What’s Left: U.S. Withdrawal From Afghanistan Is First Step Towards International Peace and Reasonable Government Spending

Reagan Whittle, Contributing Writer

Decades of unnecessary intervention based on unwarranted claims of domestic threat or unjustified notions of ideological righteousness have left the United States and the regions it has wrongly, if at the best of times misguidedly at the worst intentionally and aware of the consequences, planted American boots in has resulted in trillions of unnecessary spending, countless combatant and civilian lives lost and more steps backward than forward. There are obviously concerns about withdrawal from a state like Afghanistan; human rights abuses, greater instability and conflict and the usurpation of the government by the Taliban appear imminent.
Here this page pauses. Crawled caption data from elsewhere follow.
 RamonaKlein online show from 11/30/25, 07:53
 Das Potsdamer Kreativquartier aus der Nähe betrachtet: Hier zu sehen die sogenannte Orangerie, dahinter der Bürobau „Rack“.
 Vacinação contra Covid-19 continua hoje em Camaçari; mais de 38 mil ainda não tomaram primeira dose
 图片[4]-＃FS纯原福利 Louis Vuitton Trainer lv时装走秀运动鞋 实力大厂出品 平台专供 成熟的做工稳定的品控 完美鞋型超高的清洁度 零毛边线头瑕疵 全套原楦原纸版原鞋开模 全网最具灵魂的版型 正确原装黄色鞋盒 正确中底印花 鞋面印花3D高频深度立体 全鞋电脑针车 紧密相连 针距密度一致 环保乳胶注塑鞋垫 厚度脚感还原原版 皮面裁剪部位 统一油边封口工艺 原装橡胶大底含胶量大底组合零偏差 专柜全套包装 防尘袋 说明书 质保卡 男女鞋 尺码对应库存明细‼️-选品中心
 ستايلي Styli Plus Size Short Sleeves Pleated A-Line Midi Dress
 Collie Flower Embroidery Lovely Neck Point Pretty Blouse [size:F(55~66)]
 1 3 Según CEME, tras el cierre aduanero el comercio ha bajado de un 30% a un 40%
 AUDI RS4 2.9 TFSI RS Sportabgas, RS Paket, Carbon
An indefinite presence of American and NATO troops does not appear to be a way of preventing these inevitabilities and given that almost twenty years of United States military intervention has not resulted in the desired outcome of a secure, democratic Afghan state, regardless of the numbers and extent of combatants and weaponry available, continuing this pursuit appears a wasteful gesture of futility. 

According to the Department of Defense, in 2019 military spending totaled $550.9 billion dollars. As a point of comparison, Bloomberg notes that it would cost about $300 billion to stop greenhouse gases and provide us with an additional twenty years to curb global warming. The war in Afghanistan specifically costs U.S. taxpayers around $10 billion annually. Even if one wishes to continue fueling the sinister behemoth that is the military industrial complex, there are far better places to be directing defense spending. According to the staff members of the Biden administration interviewed by The Washington Post, nuclear proliferation in North Korea and Iran, increasing aggression from Russia and military expansion within China, pose far greater threats to international stability, and as far as domestic concerns, Syria, Yemen and Somalia pose far greater threats for funding terrorism within the U.S. than Afghanistan. Not to mention that United State military intervention has shown time and again to only exacerbate anti-American sentiments and propensities for communities abroad to become antagonists toward this country, often justifiably. Military spending should be reduced, but when it is spent it should be directed toward legitimate threats and objectives, not senseless prolongation out of fear of instability. 

According to The Washington Post, approximately 100,000 Afghanistan civilians have been killed or injured during America’s longest war. While the withdrawal of NATO and American troops may lead to increased violence and disruption in the short-term, it is hoped the civil war within this state will eventually ease. America will still pursue humanitarian ventures, provide funding and aid and attempt to help coordinate peace talks between opposing forces within Afghanistan. Hopefully this will be an important step guiding the United States away from its self-proclaimed role as the globe’s police force and that our military and bureaucracy have finally learned what they should have from Vietnam generations ago. Intervention is not the solution.